人々は畏怖をこめてか、それを口にするのをはばかる。
けれど、思うのだ。
そんなに「死」は恐ろしいものなのか。
「死」を常に背負う立場上、身近で、確かに恐怖ではあるのだが。それでも、「死」は時に美化され、天国や楽園と称される。
果たして人間は、「死」を定義してくれていない。だから困るのに。
だから、アナタがいなくなると困るのに。
「ユウ、また怪我したさ?」
「あ?」
「血の臭いがする」
「かすっただけだ」
「…………」
ラビは珍しく顔をしかめた。
神田は任務後で気がたっている上に、彼の反応にさらに機嫌を悪くする。
「…んだよ」
「あ、いや……」
「テメェには関係ねぇだろ。どうせすぐ治る」
「そうじゃ、なくてさ、ユウ」
「なんなんだよ。用がないんだったら俺は行くぞ」
「っ…」
ラビは何かを言い差して口籠もる。その表情は決して明るくない。
気の短い神田の逆鱗に触れるには充分すぎる。
神田は痺れをきらして声を荒げた。
「んなんだよテメェはさっきから! もういい、俺はテメェと違って忙しいんだ。じゃあな!」
「! っ…待ってユウ!!」
「だからっ…!?」
「待って、…ごめん、あのね」
神田の腕を掴んで振り向かせたラビは、どうしてか今にも泣きだしそうで。

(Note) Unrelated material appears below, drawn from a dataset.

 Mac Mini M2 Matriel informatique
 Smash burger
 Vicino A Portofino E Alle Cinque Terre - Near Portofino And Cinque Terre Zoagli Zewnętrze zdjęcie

予想外の事態にさしもの神田も絶句してしまった。
ラビは神田の腕を掴んだままうなだれる。
ラビは何か言いだすのを迷っているような、神田にしてみれば本当に困る、奇妙な沈黙をおとした。
いくらかそうして、やっとラビは小さく言葉を紡いだ。
「ユウ、………死ぬな」
「ラビ…?」
普段、自分が怒るからと彼はそのことに触れなかった。
なのに突然、いったいどうしたというのか。
「ユウ、死なないで」
「な、んなんだよ」
「…うん、ごめんね」
人の願いなんて、世界に比べたら小さすぎて。
どんなに相手を想ったとしても、叶わないと、歴史を記録する立場の自分は誰より知っている。
なのに、どうしてなのだろう。
願わずには、信じないはずの神に祈らずにはいられない。
歴史の中で自分たちは、一瞬すぎて、紙の上にすら記録されることはなくて。
それがとても哀しいと思ったから、なんて彼には言えない。怒りっぽい彼には、とても。
「死なないでよ、ユウ」
「…なあ、どうしたんだよ」
「……………」
ねぇお願い、今は何も訊かないで。
答えたら、きっと泣いてしまうから。
自分たちの立場なんて忘れて、今すぐアナタを世界から奪って、遠くへ逃げたくなってしまうだろうから。
愛しき人よ、
弱い僕でごめんなさい
自分を制御するのも
ままならないくらい、
きっと僕は弱虫で
だから口にしたくない
願わくば
その時が訪れないように
たったそれだけ
祈っていてもいいですか?
End...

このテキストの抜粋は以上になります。